Speed up matrix calculations(looping over subarrays) [numpy]

Question

I'm trying to write an algorithm for my student work, it is working well. However, it takes a long time to calculate, especially with big arrays. This part of code is slowing down all program.

Shapes: X.shape = mask.shape = logBN.shape = (500,500,1000), 
        F.shape = (20,20), 
        A.shape = (481,481), 
        s2 -- scalar.

How should I change this code to make it faster?

h = F.shape[0]
w = F.shape[1]
q = np.zeros((A.shape[0], A.shape[1], X.shape[2]))
for i in range(A.shape[0]):
    for j in range(A.shape[1]):
        mask[:,:,:] = 0
        mask[i:i + h,j:j + w,:] = 1
        q[i,j,:] = ((logBN*(1 - mask)).sum(axis=(0,1)) + 
                    (np.log(norm._pdf((X[i:i + h,j:j + w,:]-F[:,:,np.newaxis])/s2)/s2)).sum(axis=(0,1))

Answer 1

After heavy juggling through algebraic operations of log, exp, power, it all came to this -

# Params
m,n = F.shape[:2]
k1 = 1.0/(s2*np.sqrt(2*np.pi))
k2 = -0.5/s2**2
k3 = np.log(k1)*m*n

out = np.zeros((A.shape[0], A.shape[1], X.shape[2]))
for i in range(A.shape[0]):
    for j in range(A.shape[1]):
        mask[:] = 1
        mask[i:i + h,j:j + w,:] = 0
        XF = (X[i:i + h,j:j + w,:]-F[:,:,np.newaxis])        
        p1 = np.einsum('ijk,ijk->k',logBN,mask)
        p2 = k2*np.einsum('ijk,ijk->k',XF,XF)
        out[i,j,:] = p1 + p2
out += k3

Few things used were -

1] norm._pdf is basically : norm.pdf(x) = exp(-x**2/2)/sqrt(2*pi).
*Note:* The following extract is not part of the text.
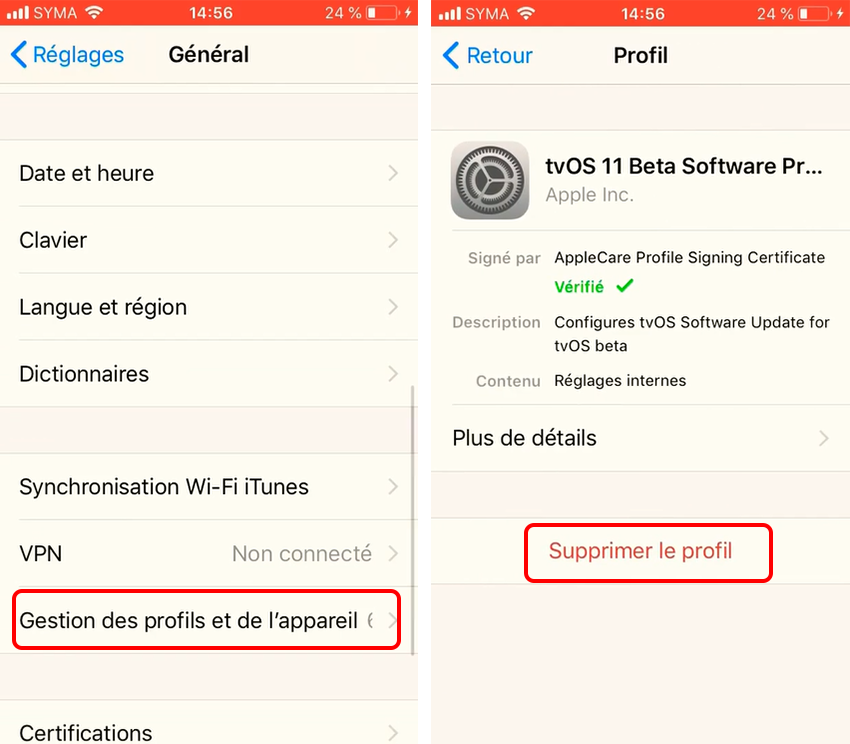 supprimer le profil de tvOS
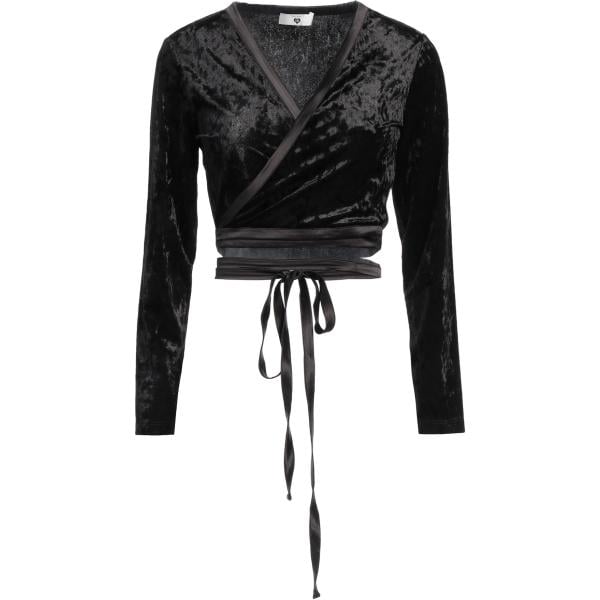 Top da donna a portafoglio in nero pece con scollo a maniche lunghe in poliestere Twinset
So, we could inline the implementation and optimize those at the script level.

2] The division by scalars won't be efficient, so those were replaced by multiplications by their reciprocals. So, as a pre-processing store their reciprocals before going into the loop.

Answer 2

Just trying to make sense of your inner loop

    mask[:,:,:] = 0
    mask[i:i + h,j:j + w,:] = 1
    q[i,j,:] = ((logBN*(1 - mask)).sum(axis=(0,1)) + 
                (np.log(norm._pdf((X[i:i + h,j:j + w,:]-F[:,:,np.newaxis])/s2)/s2)).sum(axis=(0,1))

looks like

idx = (slice(i,i+h), slice(j,j_w), slice(None))
mask = np.zeros(X.shape)
mask(idx) = 1
mask = 1 - mask 
# alt mask=np.ones(X.shape);mask[idx]=0
term1 = (logBN*mask).sum(axis=(0,1))
term2 = np.log(norm._pdf((X[idx] - F[...,None])/s2)/s2).sum(axis=(0,1))
q[i,j,:] = term1 + term2

So idx and mask define a subarray in A. You are using logBN outside the array; and term inside it. You are summing values on 1st 2 dim, so both term1 and term2 has shape X.shape[2], which you save in q.

That mask/window is 20x20.

As a first cut I'd try to calculate that term2 for all i,j at once. That looks like a typical sliding window problem. I'd also try to express the term1 as a subtraction - the whole logBN minus this window.